Das werde ich mal die Tage testen. Bis dahin bedanke ich mich aber schonmal für die Hilfe.

MfG Stanzman


----------



## PN/DP (2 Juli 2018)

Stanzman schrieb:


> Ja ich habe heute den Kollegen getroffen. Er hat mir gesagt, dass die Spannung beim Impuls auf ca. 24V hoch geht.


Hmm, etwas ungewöhnlich, daß der Transistor die ganze Zeit durchgesteuert sein soll und beim Impuls dann sperrt, damit der Ausgang auf fast +24V gehen kann. Könnte man aber zur Leitungsüberwachung absichtlich so machen.
Wenn diese Messung korrekt war, dann zeigt sie daß der Jumper vorhanden/gesetzt sein muß. Im spannungslosen Zustand sollte man den Wert des Widerstands zwischen gelb und weiß messen können - habt Ihr das mal gemacht?

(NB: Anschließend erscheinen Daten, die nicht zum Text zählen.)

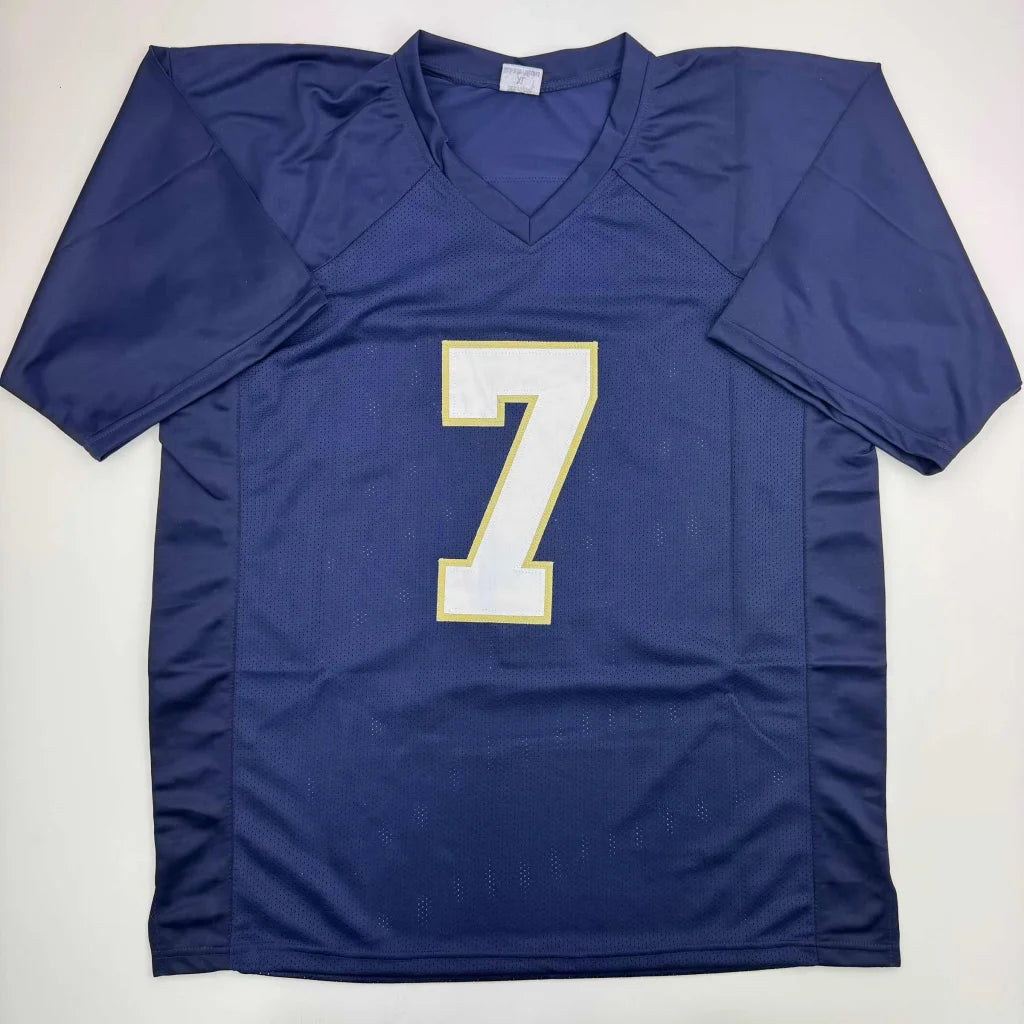 Navy blue custom jersey with number 7 from professional sports league, autographed by THEISMANN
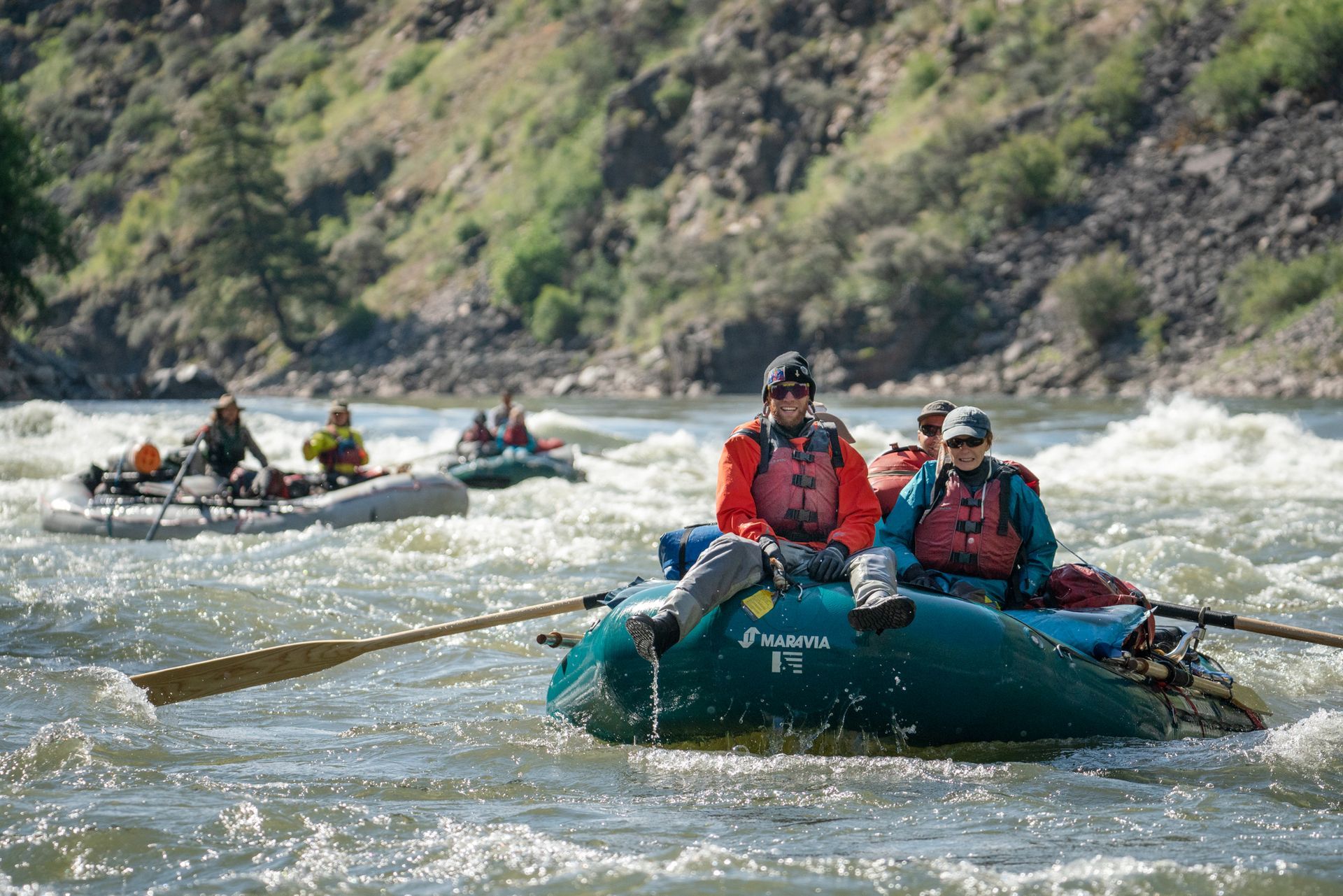 A group of people are rafting down a river.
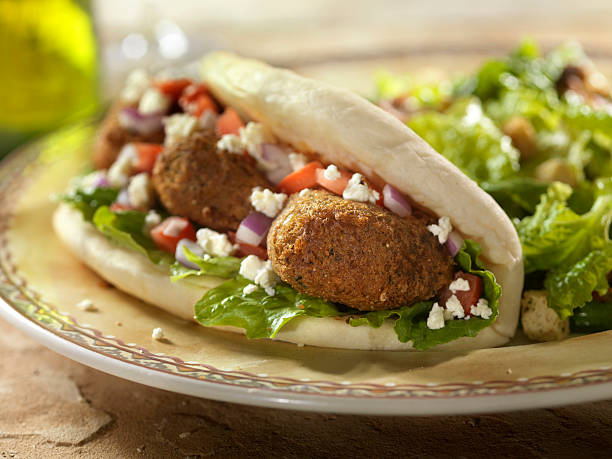 Falafel Wrap with Ceaser Salad  pita bread stock pictures, royalty-free photos & images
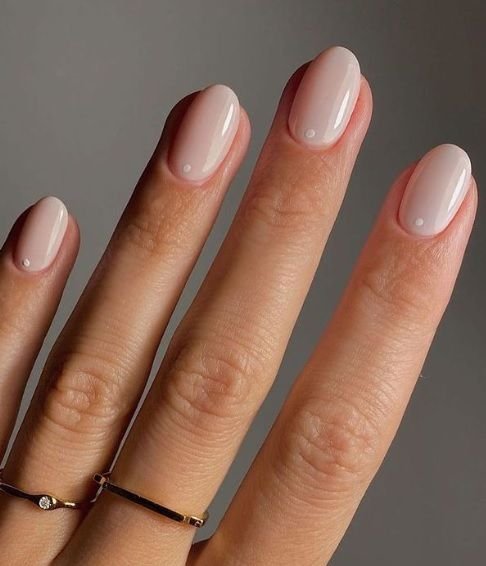 Close-up of a hand with neatly manicured nails painted in a light pink or beige shade, wearing two delicate rings on the fingers.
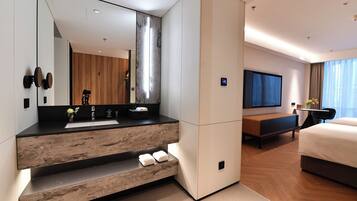 A modern hotel room with a large mirror, a wooden vanity, a flat-screen TV, a bed, and a seating area.
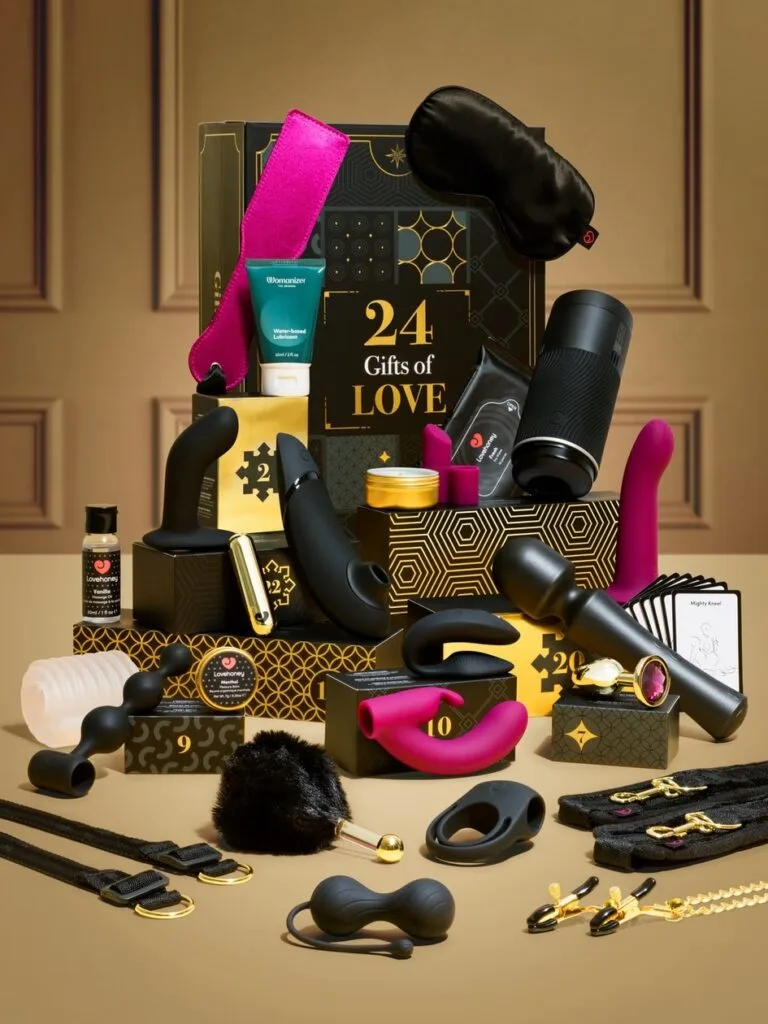 La caja y los productos del Calendario de adviento Womanizer Luxury 2025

Ich möchte mal behaupten, daß bei der Messung der SPS-Eingang nicht am Transistor-Ausgang angeschlossen war. Weil das passt überhaupt nicht zusammen bzw. geht bei der Schaltung gar nicht, daß der Transistor-Ausgang = SPS-Eingang zwischen ca. +7V und ca. +24V schaltet.

Harald


----------



## Heinileini (3 Juli 2018)

PN/DP schrieb:


> Hmm, etwas ungewöhnlich, daß der Transistor die ganze Zeit durchgesteuert sein soll und beim Impuls dann sperrt, . . .


Eher ungewöhnlich in unseren BreitenGraden soll die Verwendung von NPN-Transistoren an SensorAusgängen sein, habe ich mal irgendwo hier im Forum aufgeschnappt.
Aber das ändert nichts an Deiner Überlegung. Im Moment halte ich es noch für möglich, dass evtl. zwischen gelb und weiss der 0,1 s 24 V Impuls gemessen wurde.
Ich halte es auch für denkbar, dass Impulse an und in der PLC angekommen sind und dennoch nicht beobachtet wurden.
Wenn eine dunkle LED 0,1 s lang aufblitzt, dürfte man das leicht wahrnehmen. Wenn aber eine leuchtende LED (oder Glühbirne!) 0,1 s lang Pause macht, wäre ich mir nicht so sicher.
Wir wissen auch nicht, was in der PLC unternommen wurde, um kurze Impulse "beobachtbar" zu machen, z.B. damit einen Zähler oder Timer zu triggern.
Die 7 V bleiben rätselhaft und ich mag deshalb trotz Beteuerung nicht ausschliessen, dass beim BezugsPotenzial (Masse) der Wurm drin ist.

​


----------



## Onkel Dagobert (3 Juli 2018)

Hat irgend einer von euch schon mal den Begriff "Open-Collector-Ausgang" gehört? Der integrierte Pull-Up-Widerstand mittels des Jumpers geschaltet und gut ist es. Ob die Pulsbreite als Pause oder Signal gewertet wird, ist dabei eigentlich ganz egal.


----------



## Heinileini (3 Juli 2018)

Onkel Dagobert schrieb:


> Hat irgend einer von euch schon mal den Begriff "Open-Collector-Ausgang" gehört? Der integrierte Pull-Up-Widerstand mittels des Jumpers geschaltet und gut ist es.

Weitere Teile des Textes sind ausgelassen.